[SOURCE MATERIAL — start]

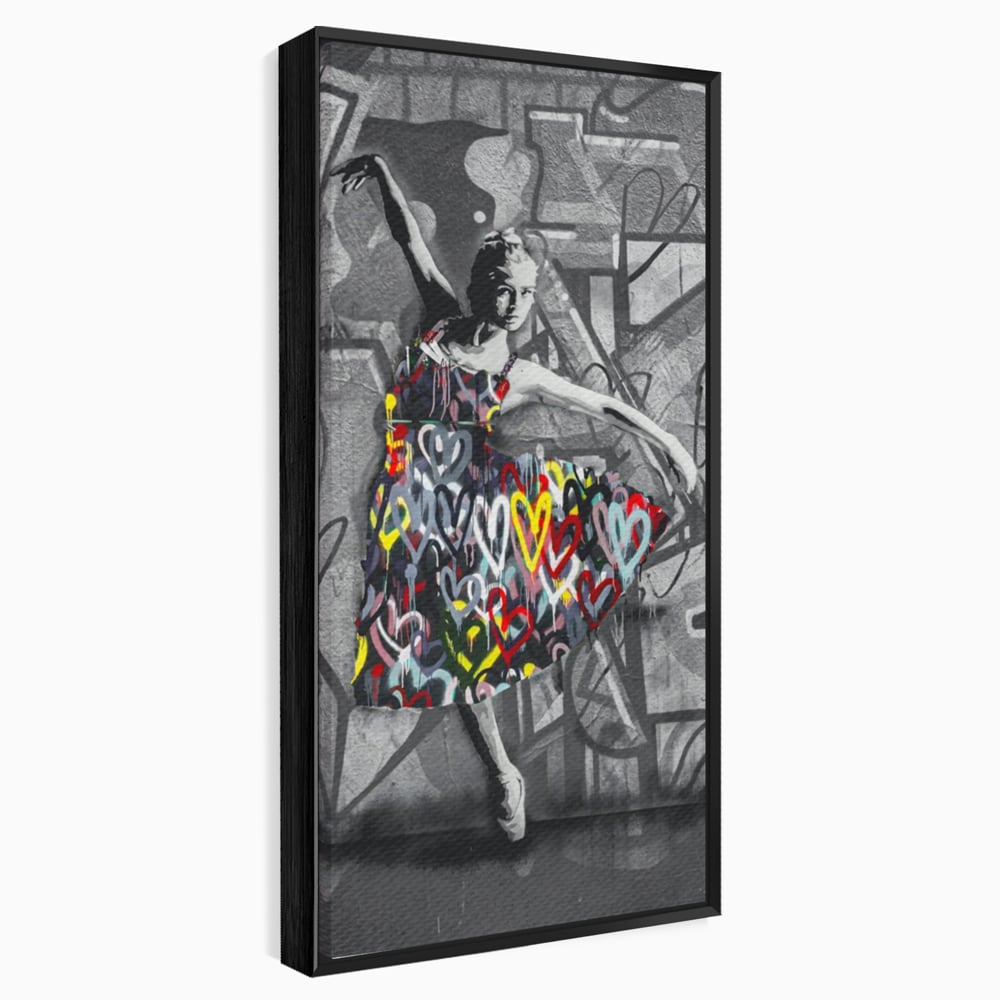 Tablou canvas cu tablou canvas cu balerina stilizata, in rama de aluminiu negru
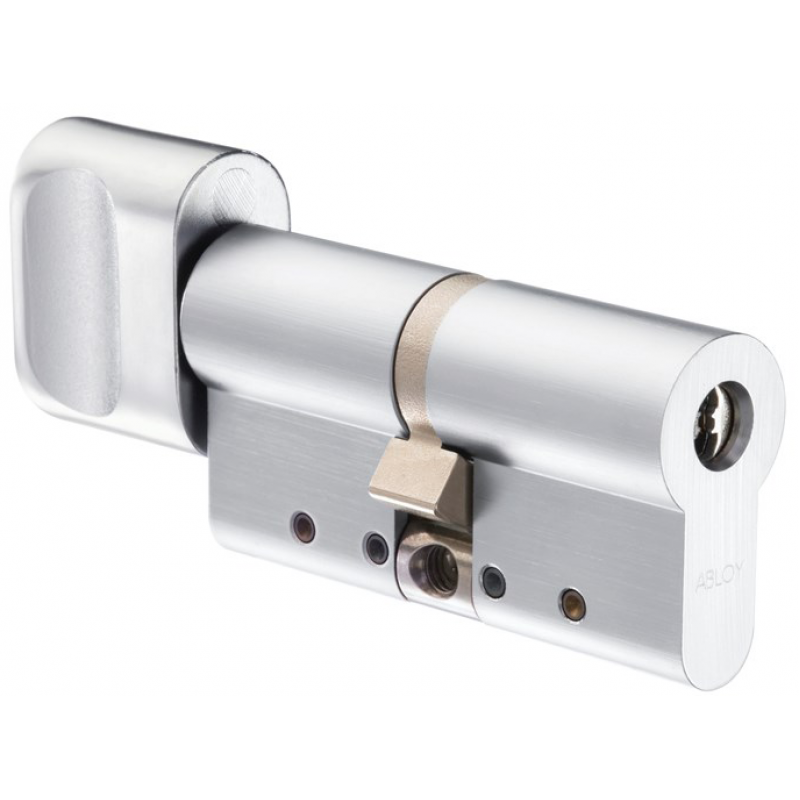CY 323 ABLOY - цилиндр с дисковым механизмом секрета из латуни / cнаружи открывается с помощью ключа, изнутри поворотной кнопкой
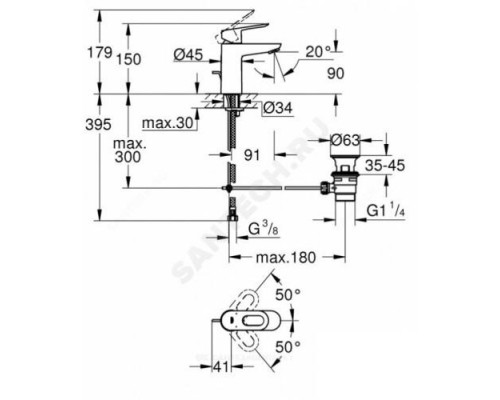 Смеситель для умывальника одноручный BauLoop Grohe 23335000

[SOURCE MATERIAL — finish]
[SOURCE MATERIAL — start]

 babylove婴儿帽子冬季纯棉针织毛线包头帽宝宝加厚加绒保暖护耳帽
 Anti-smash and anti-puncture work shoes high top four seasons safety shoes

[SOURCE MATERIAL — finish]
[SOURCE MATERIAL — start]

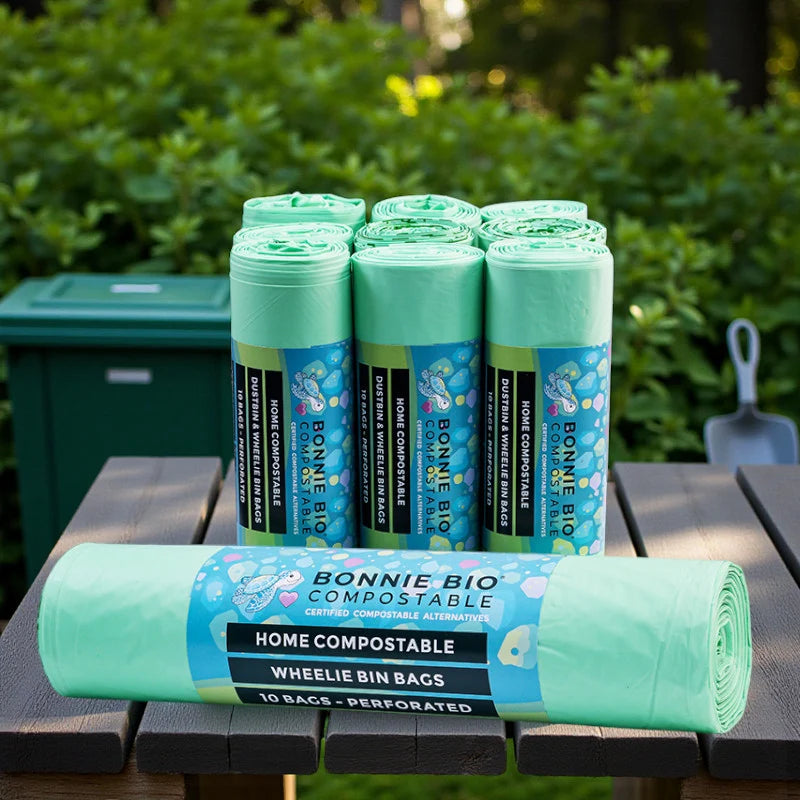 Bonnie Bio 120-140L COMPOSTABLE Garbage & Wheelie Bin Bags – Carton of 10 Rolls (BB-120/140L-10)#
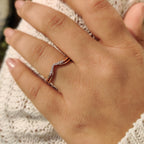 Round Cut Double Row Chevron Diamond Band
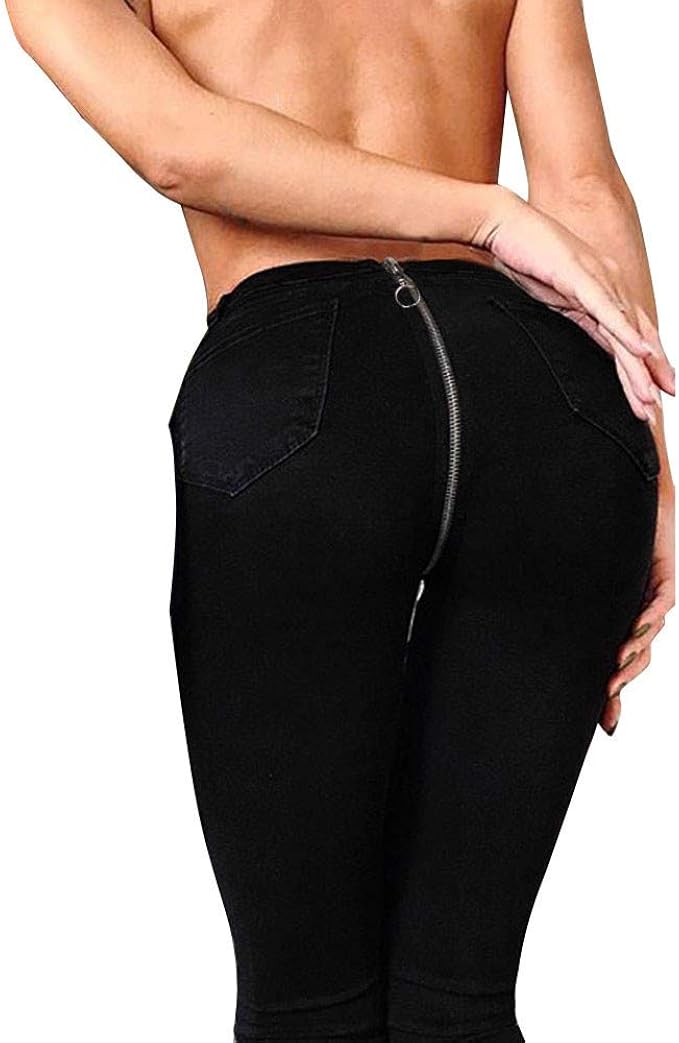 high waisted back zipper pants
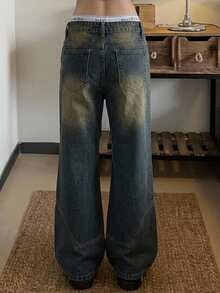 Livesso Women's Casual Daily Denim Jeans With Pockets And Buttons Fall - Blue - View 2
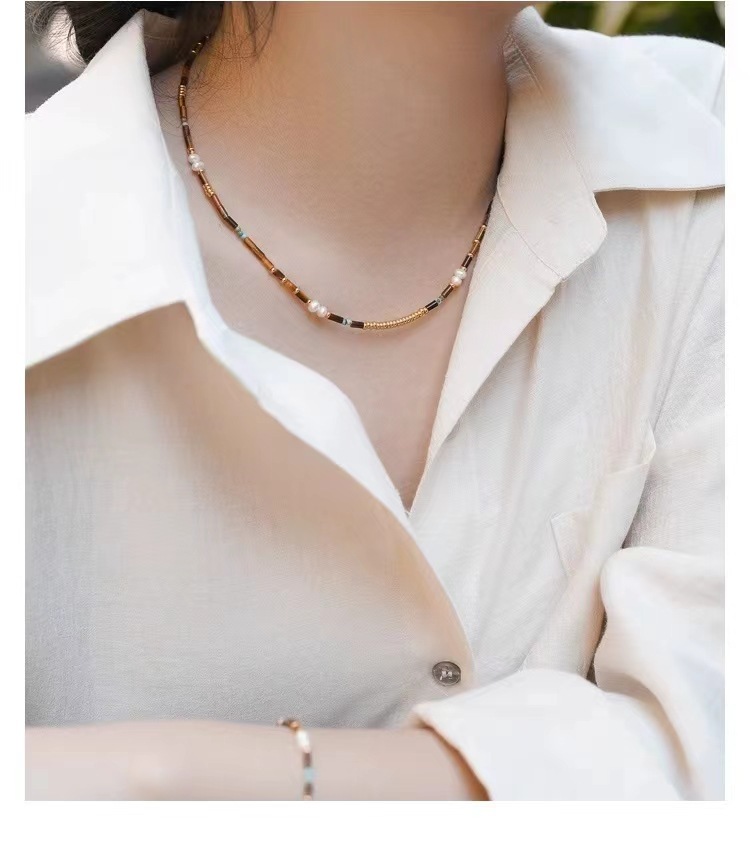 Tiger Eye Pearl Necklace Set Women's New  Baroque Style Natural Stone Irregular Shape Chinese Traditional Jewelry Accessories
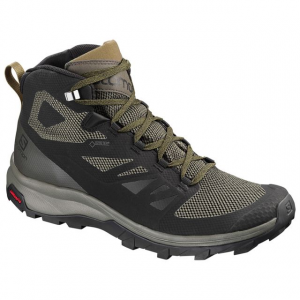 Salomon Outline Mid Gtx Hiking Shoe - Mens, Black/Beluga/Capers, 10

[SOURCE MATERIAL — finish]

**REQUIRED WORK:** Only one stretch of the entries above is needed: the lines from the one containing "Livesso Women's Casual" through the one containing "Salomon Outline Mid". Copy it exactly, without the pictures.

**WRITTEN ANSWER:**
 Livesso Women's Casual Daily Denim Jeans With Pockets And Buttons Fall - Blue - View 2
 Tiger Eye Pearl Necklace Set Women's New  Baroque Style Natural Stone Irregular Shape Chinese Traditional Jewelry Accessories
 Salomon Outline Mid Gtx Hiking Shoe - Mens, Black/Beluga/Capers, 10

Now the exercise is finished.